Осталось неизвестным, сгорело ли подметное письмо или нет, но Девиеру — это уже точно — на какое-то время стало не до придворных интриг, пожар выбил его из привычной колеи. А вот светлейший злых намерений генерал-полицмейстера не забыл.

Шестнадцатого апреля Девиер, как обычно, пришел в Зимний дворец. По какой-то причине (может, новую каверзу придумал?) был он в приподнятом настроении.

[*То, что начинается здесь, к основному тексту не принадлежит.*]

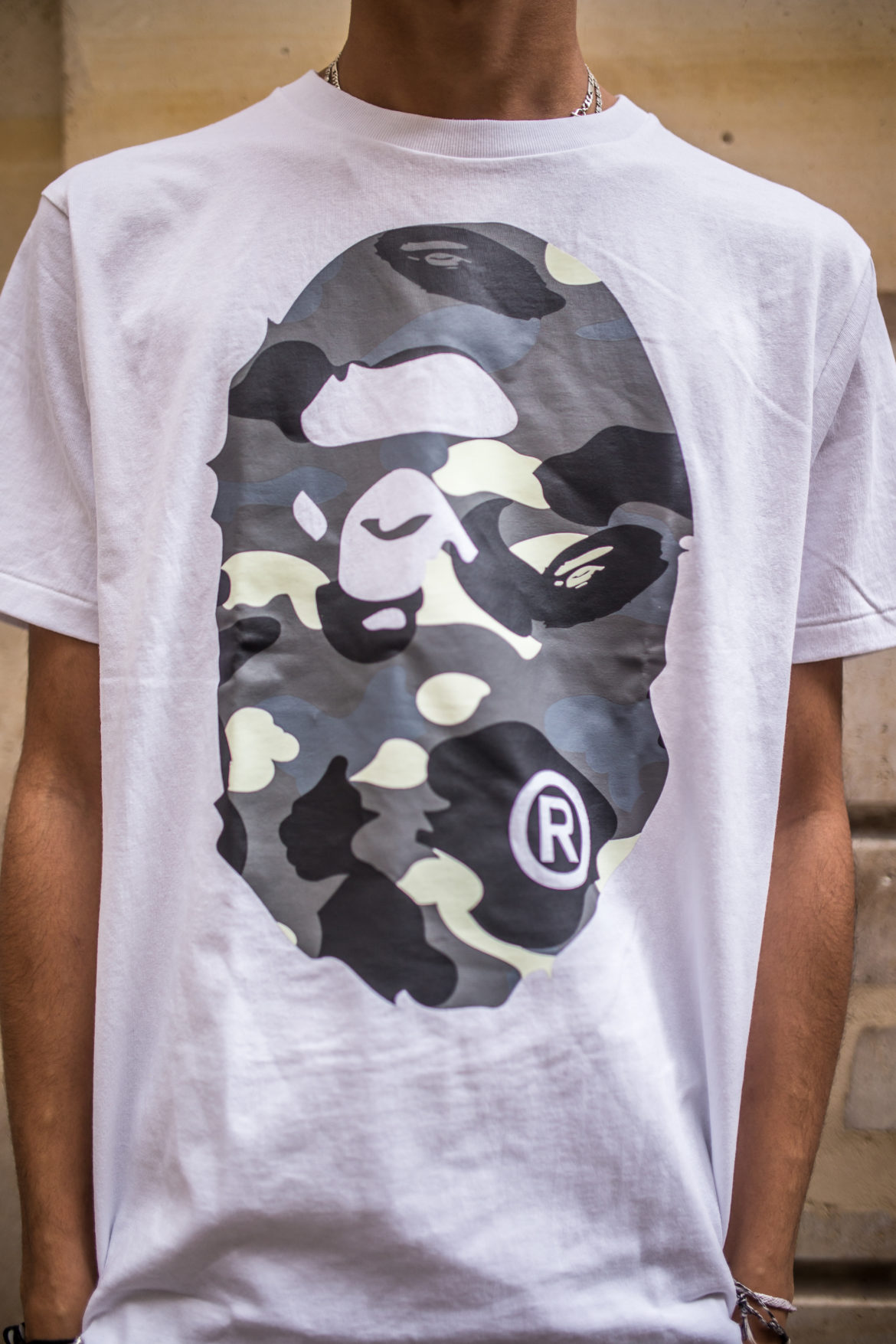 Bape Tee Noir 1 Bape Reflection Camo Big Ape Head Tee White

Богатырёв, стоявший с Софьей Скавронской — племяшкой Императрицы — возле камина, пригласил Девиера выпить с ними вина. Тот криво усмехнулся, но не отказался. Сначала пропустили по чарке волошского вина — за «скорейшее выздоровление Государыни Екатерины Алексеевны». Потом много пили шампанского — за «Государя-наследника Петра Алексеевича». Добавили бургонского — за «мудрую дочь Государя — Елизавету Петровну».

Пили, как приучил Пётр Великий, до дна и заровно. Только русский Богатырёв был на голову выше хлипкого португальского Девиера и без малого пуда из три тяжелее. Так что Богатырёв голову сохранял в свежести, а погорелец Девиер уже едва на ногах хранил равновесие. Он уже собрался отойти прочь, как Богатырёв строго произнёс:

— Генерал, куда поплелся? Ты разве запамятовал: мы ещё не пили за здравие красавицы цесаревны Анны Петровны, супруги славного герцога Голштинского.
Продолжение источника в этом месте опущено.